Approximate Inverse Chain Preconditioner: Iteration Count Case Study for Spectral Support Solvers

Publication Source: High Performance Extreme Computing Conference (HPEC) 2020

As the growing availability of computational power slows, there has been an increasing reliance on algorithmic advances. However, faster algorithms alone will not necessarily bridge the gap in allowing computational scientists to study problems at the edge of scientific discovery in the next several decades. Often, it is necessary to simplify or precondition solvers to accelerate the study of large systems of linear equations commonly seen in a number of scientific fields. Preconditioning a problem to increase efficiency is often seen as the best approach; yet, preconditioners which are fast, smart, and efficient do not always exist.

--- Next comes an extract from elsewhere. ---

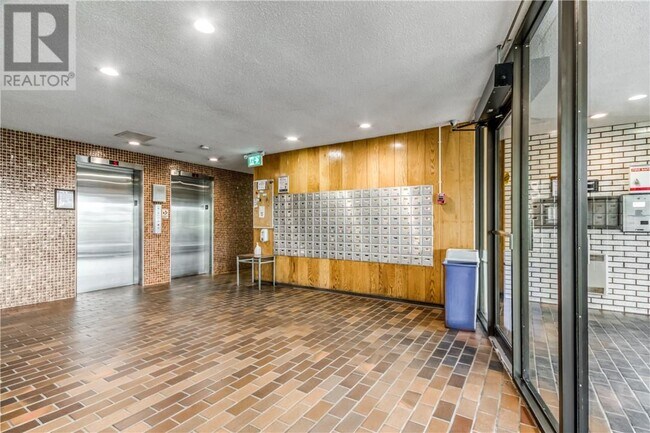 Photo - 901 Lasalle Blvd Unité # 1002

Following the progress of [1], we present a new preconditioner for symmetric diagonally dominant (SDD) systems of linear equations. These systems are common in certain PDEs, network science, and supervised learning among others. Based on spectra support graph theory, this new preconditioner builds off of the work of [2], computing and applying a V-cycle chain of approximate inverse matrices. This preconditioner approach is both algebraic in nature as well as hierarchically-constrained depending on the condition number of the system to be solved. Due to its generation of an Approximate Inverse Chain of matrices, we refer to this as the AIC preconditioner.

We further accelerate the AIC preconditioner by utilizing precomputations to simplify setup and multiplications in the context of an iterative Krylov-subspace solver. While these iterative solvers can greatly reduce solution time, the number of iterations can grow large quickly in the absence of good preconditioners. Initial results for the AIC preconditioner have shown a very large reduction in iteration counts for SDD systems as compared to standard preconditioners such as Incomplete Cholesky (ICC) and Multigrid (MG). We further show significant reduction in iteration counts against the more advanced Combinatorial Multigrid (CMG) preconditioner.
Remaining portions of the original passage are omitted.